Failure to Enter and Review Wound Care Orders Upon Admission
Penalty
Summary
The facility failed to ensure that a physician or provider reviewed and entered all necessary orders for a resident upon admission, specifically omitting wound care orders for a resident with multiple complex medical conditions. The resident was admitted with diagnoses including acute osteomyelitis of the left ankle and foot, cutaneous abscess of the left foot, diabetes with chronic kidney disease, and end stage renal disease. Hospital discharge orders included instructions for wound care and evaluation by a wound care team, but these were not entered into the facility's physician orders upon admission. A review of the resident's physician orders revealed that there were no orders to monitor or provide wound care for any existing wounds from the day of admission until the resident was discharged. During interviews, the physician assistant recalled the resident and his wounds but was unaware that no wound care orders had been entered during the resident's stay. The physician assistant stated that it was standard for facility nurses to contact her to review and approve admitting orders, but she could not recall being contacted about this admission or reviewing the orders for this resident. The deficiency was identified when it was found that the resident did not have wound care orders in place during their stay, despite having wounds that required treatment. The lack of review and entry of necessary orders by the provider resulted in the resident not having documented wound care provided as directed by the hospital discharge instructions.
Removal Plan
- Initiate a new admit audit to ensure all tasks and admissions items are complete and confirmed during the stand down process.
- Update the wound care order verification process.
- Educate the team on the new clinical review protocol, including notification of the IDT team when a resident is admitted with wounds.
- Unit manager or designee to review orders with the provider for new admissions with wounds.
- Contact NExcell provider if an admitting wound is considered complex or needs additional oversight.
- Hold wound care meetings by the IDT team to ensure process is followed and all orders are entered appropriately, care plans are updated and accurate, and wound pictures are taken.
- Conduct whole house skin sweep audits to identify any undocumented wounds.
- Confirm all treatment orders are in place and accurate.
- Audit all care plans to ensure accuracy per wound orders.
- Re-educate direct care staff on wound documentation and inputting orders upon admission.
- Re-educate Center Nurses on completion of skin assessments.
- Educate nurses on responsibility for communication with management and provider for change in condition process/documentation, including new or worsening wounds.

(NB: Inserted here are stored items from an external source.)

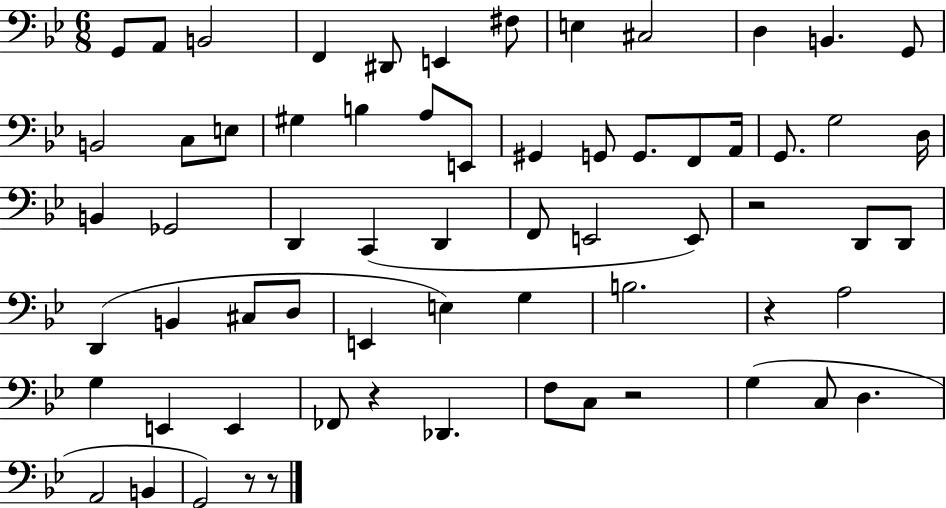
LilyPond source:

{
  \clef bass
  \numericTimeSignature
  \time 6/8
  \key bes \major
  g,8 a,8 b,2 | f,4 dis,8 e,4 fis8 | e4 cis2 | d4 b,4. g,8 | \break b,2 c8 e8 | gis4 b4 a8 e,8 | gis,4 g,8 g,8. f,8 a,16 | g,8. g2 d16 | \break b,4 ges,2 | d,4 c,4( d,4 | f,8 e,2 e,8) | r2 d,8 d,8 | \break d,4( b,4 cis8 d8 | e,4 e4) g4 | b2. | r4 a2 | \break g4 e,4 e,4 | fes,8 r4 des,4. | f8 c8 r2 | g4( c8 d4. | \break a,2 b,4 | g,2) r8 r8 | \bar "|."
}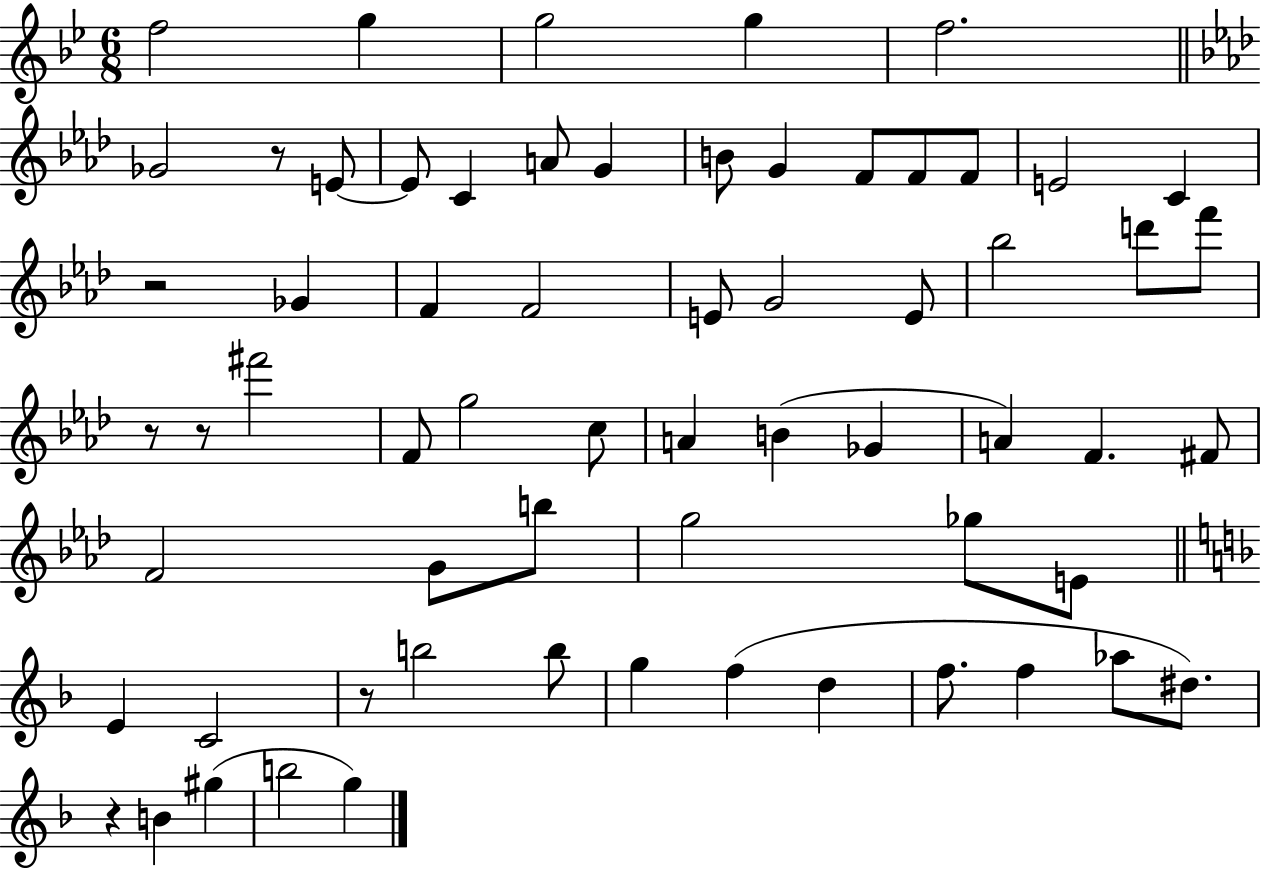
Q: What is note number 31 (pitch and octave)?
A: C5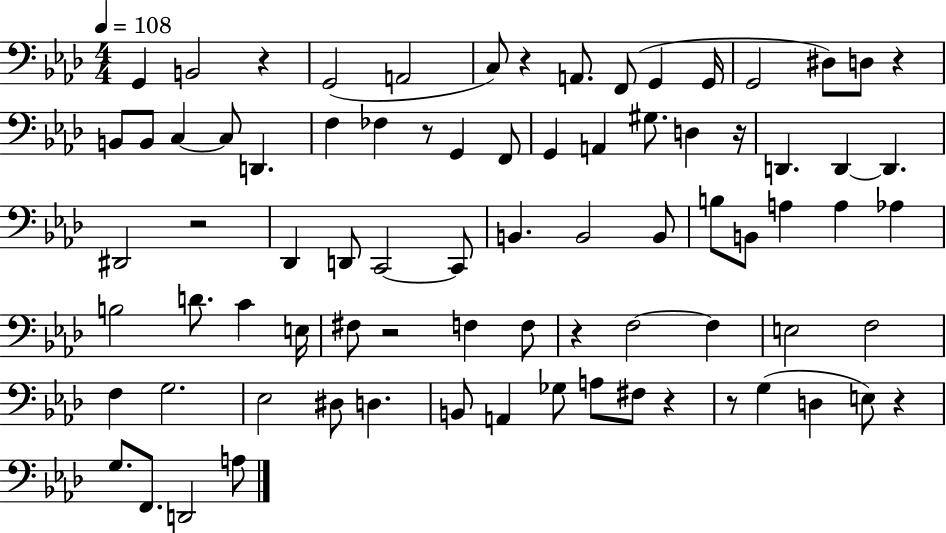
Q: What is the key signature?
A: AES major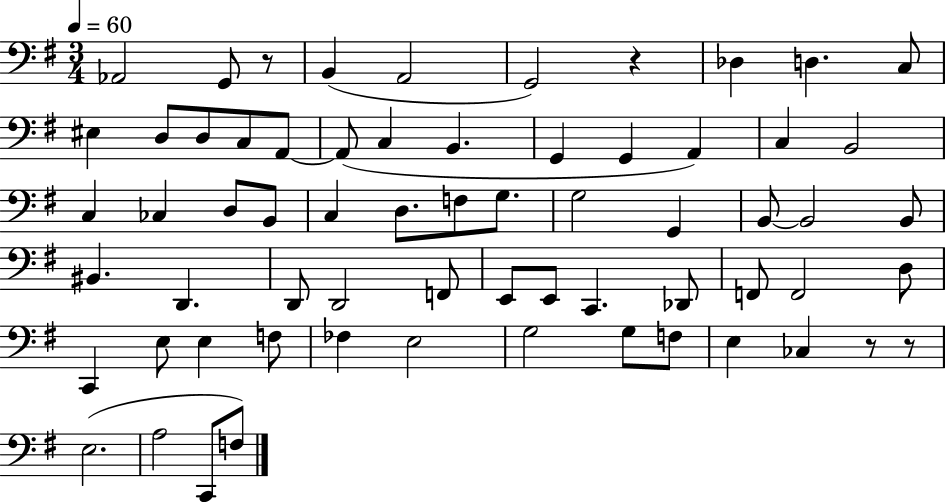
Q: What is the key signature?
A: G major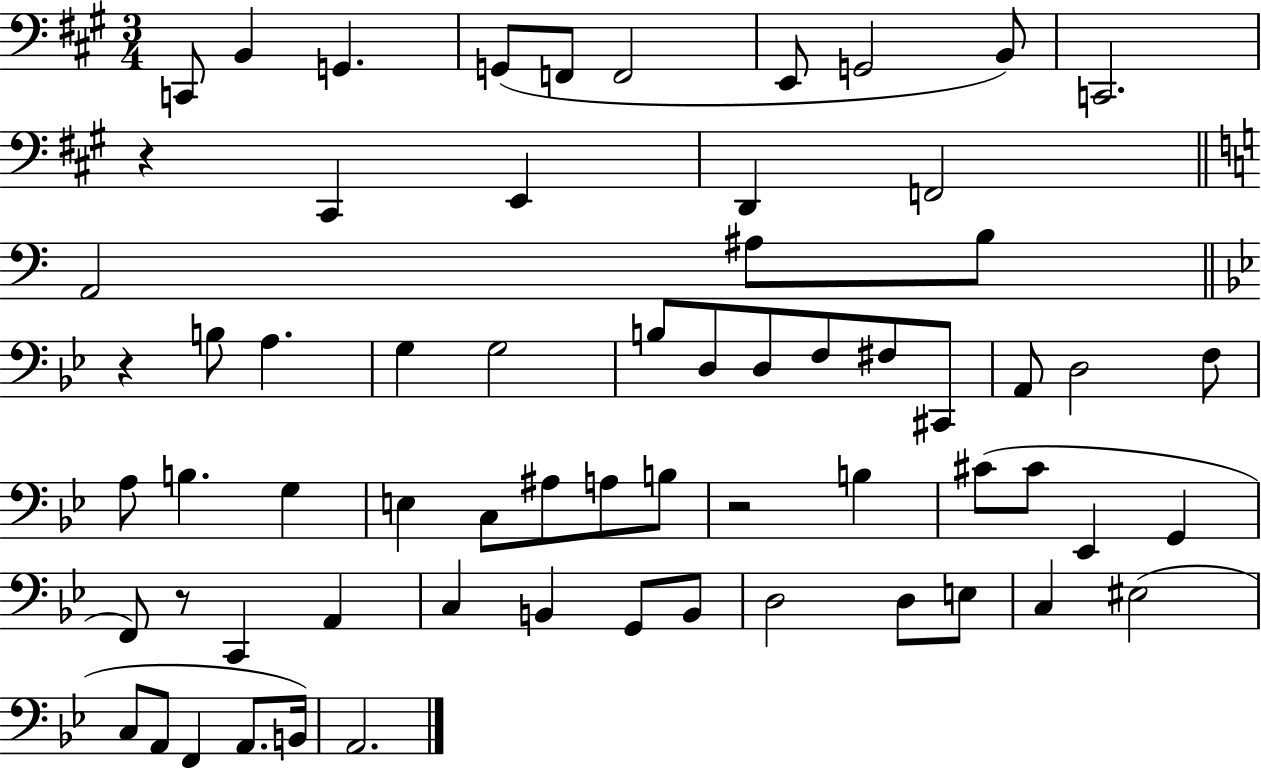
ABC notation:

X:1
T:Untitled
M:3/4
L:1/4
K:A
C,,/2 B,, G,, G,,/2 F,,/2 F,,2 E,,/2 G,,2 B,,/2 C,,2 z ^C,, E,, D,, F,,2 A,,2 ^A,/2 B,/2 z B,/2 A, G, G,2 B,/2 D,/2 D,/2 F,/2 ^F,/2 ^C,,/2 A,,/2 D,2 F,/2 A,/2 B, G, E, C,/2 ^A,/2 A,/2 B,/2 z2 B, ^C/2 ^C/2 _E,, G,, F,,/2 z/2 C,, A,, C, B,, G,,/2 B,,/2 D,2 D,/2 E,/2 C, ^E,2 C,/2 A,,/2 F,, A,,/2 B,,/4 A,,2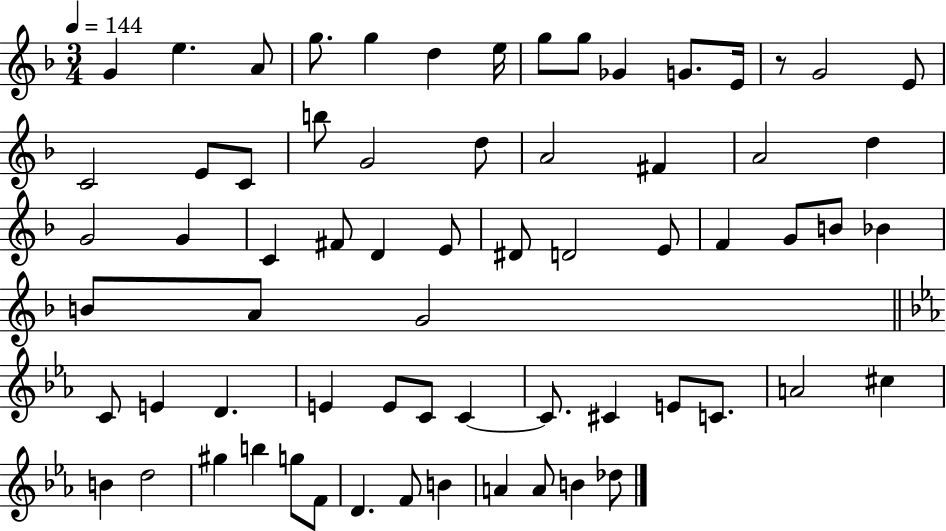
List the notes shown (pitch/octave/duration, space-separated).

G4/q E5/q. A4/e G5/e. G5/q D5/q E5/s G5/e G5/e Gb4/q G4/e. E4/s R/e G4/h E4/e C4/h E4/e C4/e B5/e G4/h D5/e A4/h F#4/q A4/h D5/q G4/h G4/q C4/q F#4/e D4/q E4/e D#4/e D4/h E4/e F4/q G4/e B4/e Bb4/q B4/e A4/e G4/h C4/e E4/q D4/q. E4/q E4/e C4/e C4/q C4/e. C#4/q E4/e C4/e. A4/h C#5/q B4/q D5/h G#5/q B5/q G5/e F4/e D4/q. F4/e B4/q A4/q A4/e B4/q Db5/e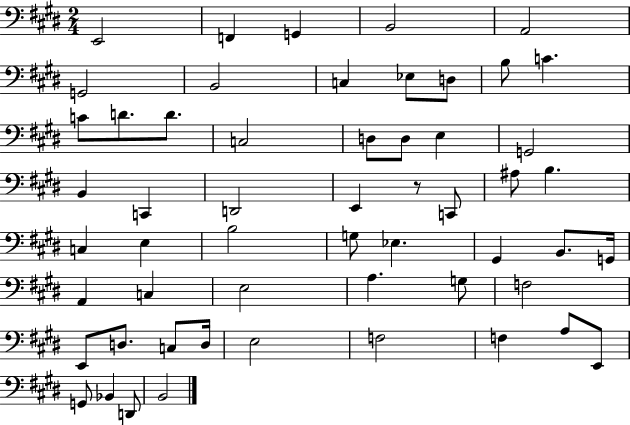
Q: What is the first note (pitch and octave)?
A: E2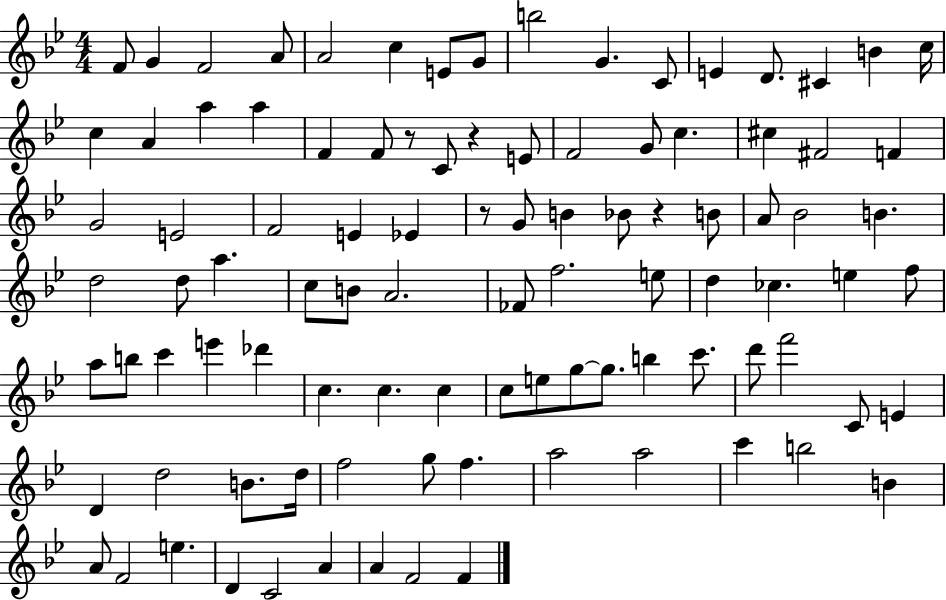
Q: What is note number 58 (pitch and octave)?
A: C6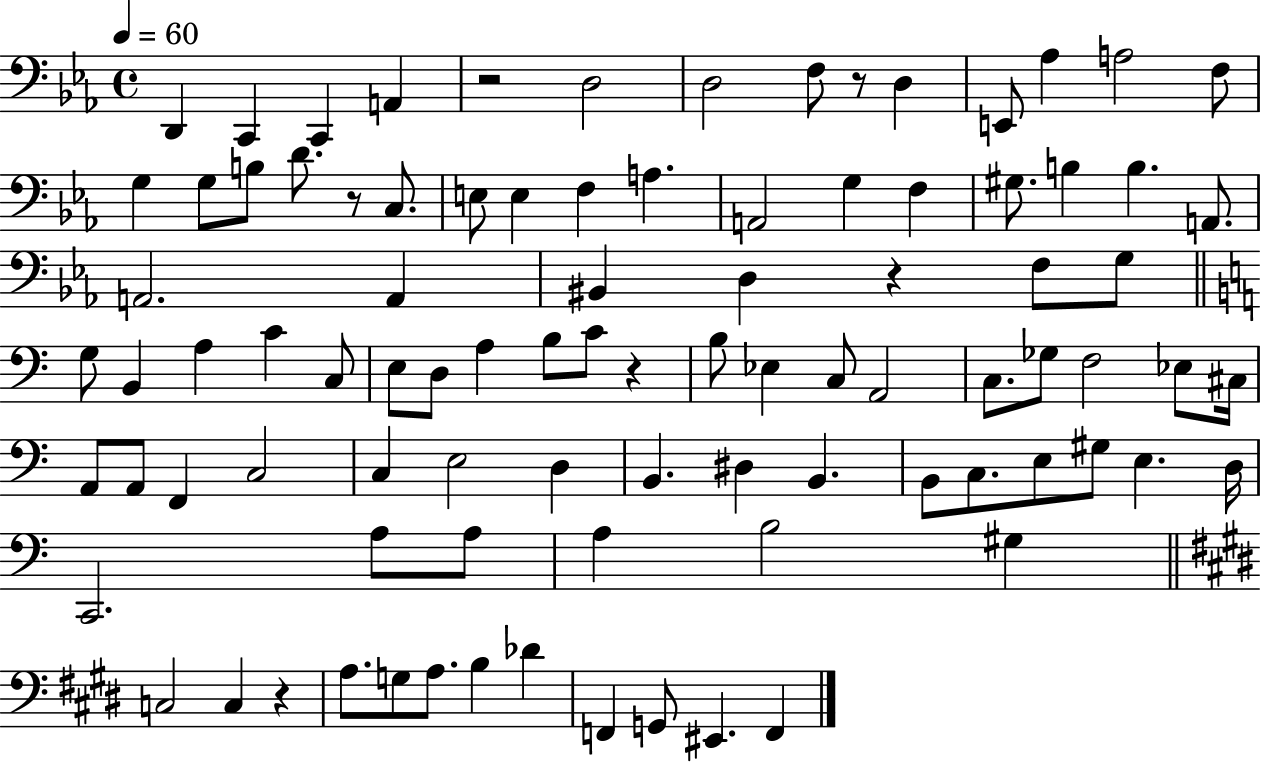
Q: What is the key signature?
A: EES major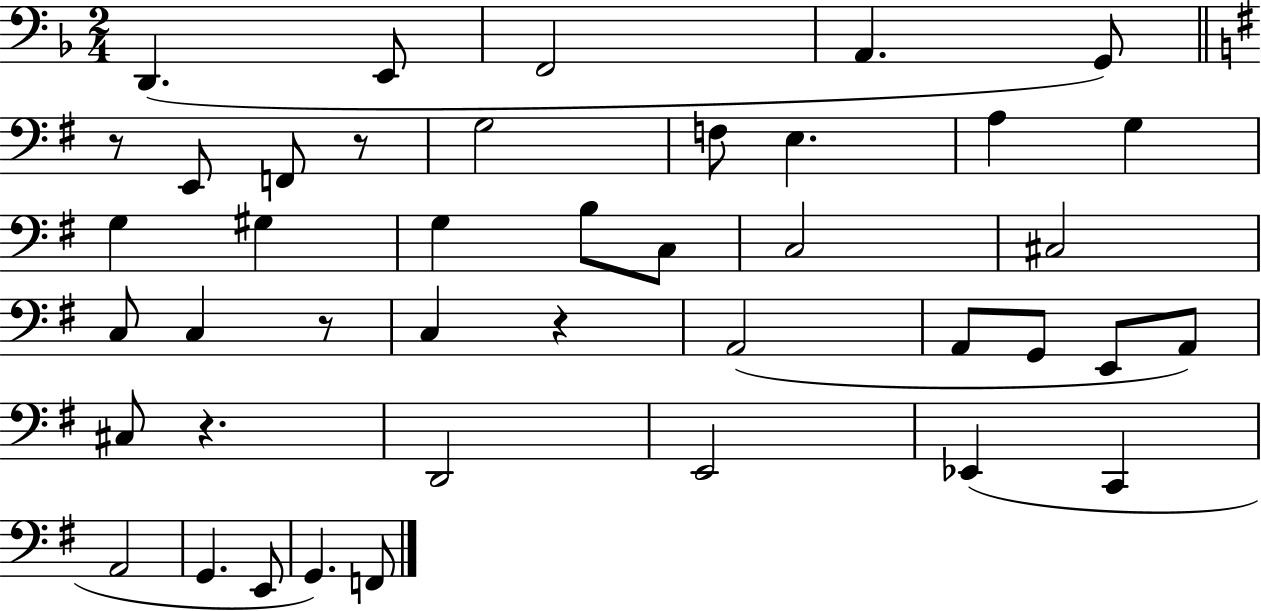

- Educate nurses on Genesis wound processes, including DIMES, identification and documentation for wounds/wound changes, change in condition process, and appropriate treatment/intervention implementation.
- Educate CNAs on the change in condition process for CNAs (including skin changes) and stop and watch.
- Ensure 100% of available staff have been educated on these processes, with any unscheduled staff to be educated prior to their next shift.
- Director of Nursing/Designee to audit education sign-off sheets to ensure all nursing staff receive the required education.
- Director of Nursing/Designee to conduct random audits of residents with wounds for skin assessment, order accuracy, and wound care process abidance.
- Bring audit results to the QAPI committee for tracking, trending, and further recommendations.
- Administrator to oversee the QAPI committee.